For the week, the Dow Jones Industrial Average added 0.1% to close at 16,086 while the S&P 500 Index also rose just 0.1% to close at 1,805. The Nasdaq Composite Index was the clear winner of the three benchmarks as it climbed 1.7% to close at 4,059.
This week will provide investors with a plethora of economic data that will give investors and the Federal Reserve important clues about the strength of the economy. The week begins with Cyber Monday, which typically is a huge day for e-commerce shopping and generated almost $1.5 billion in sales last year. New home sales for both September and October are also on tap and should provide further evidence of an improving housing sector. The second estimate for third quarter GDP growth will be released, too, and should be revised upward to between 3.0% and 3.5% on stronger inventory accumulation.

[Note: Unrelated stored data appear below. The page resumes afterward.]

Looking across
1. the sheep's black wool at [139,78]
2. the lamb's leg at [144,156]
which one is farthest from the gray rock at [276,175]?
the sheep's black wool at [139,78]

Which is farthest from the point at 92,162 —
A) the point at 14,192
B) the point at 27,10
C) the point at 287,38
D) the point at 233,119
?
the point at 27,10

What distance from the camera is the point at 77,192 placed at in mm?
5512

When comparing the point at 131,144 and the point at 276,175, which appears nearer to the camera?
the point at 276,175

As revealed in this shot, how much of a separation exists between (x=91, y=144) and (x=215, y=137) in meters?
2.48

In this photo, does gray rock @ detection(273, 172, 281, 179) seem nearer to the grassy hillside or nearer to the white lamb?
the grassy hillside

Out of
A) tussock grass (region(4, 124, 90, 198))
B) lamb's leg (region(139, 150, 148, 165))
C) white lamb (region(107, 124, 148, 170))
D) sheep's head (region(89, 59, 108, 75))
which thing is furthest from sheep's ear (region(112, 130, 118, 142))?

The most significant piece of economic data, however, will be the November employment report, which should confirm continued improvement in the labor market. The estimate for non-farm payrolls is an increase of 180,000 while the unemployment rate is forecast to decline to 7.2% from 7.3%. This is the last significant economic report before the Federal Reserve policy-setting meeting on December 17th and 18th and could persuade the Fed to taper if it is strong enough. In all likelihood, though, the Fed will delay any reduction to its stimulus program until the spring of 2014.
As earnings season winds down, the most notable companies scheduled to report include specialty retailers such as Men’s Wearhouse, Jos. A. Bank Clothiers, Aeropostale and American Eagle Outfitters.
As we begin the last month of the year, the biggest obstacle for the stock market appears to be the possibility of higher interest rates caused by a stronger economy and inevitable tapering by the Fed. Interest rates as measured by the 10-year Treasury yield of about 2.70% are at the same level now as they were five months ago and seem destined to remain in a narrow trading range over the next several months. With a benign inflation outlook and only modest economic growth forecast, interest rate risk should not come into play anytime soon, especially with the Fed promising to keep rates low for a long time. Against this backdrop, bond investors should feel comfortable owning high quality, short-to-intermediate term bonds as their principal value should not be at risk. For the stock market, the biggest negative is the fact that stocks are trading at all-time highs and are due for a correction. As Louis Rukeyser once said, trees don’t grow to the sky. But other factors that influence stock prices, such as profit growth, economic expansion, housing and jobs data, seem favorable. Other positives include limited tax loss selling this year due to the strong stock market and year-end window dressing on the part of managers to show their clients they have adequate exposure to equities in their portfolios. These factors would seem to argue against a near-term correction and for continued strength in the market through year-end.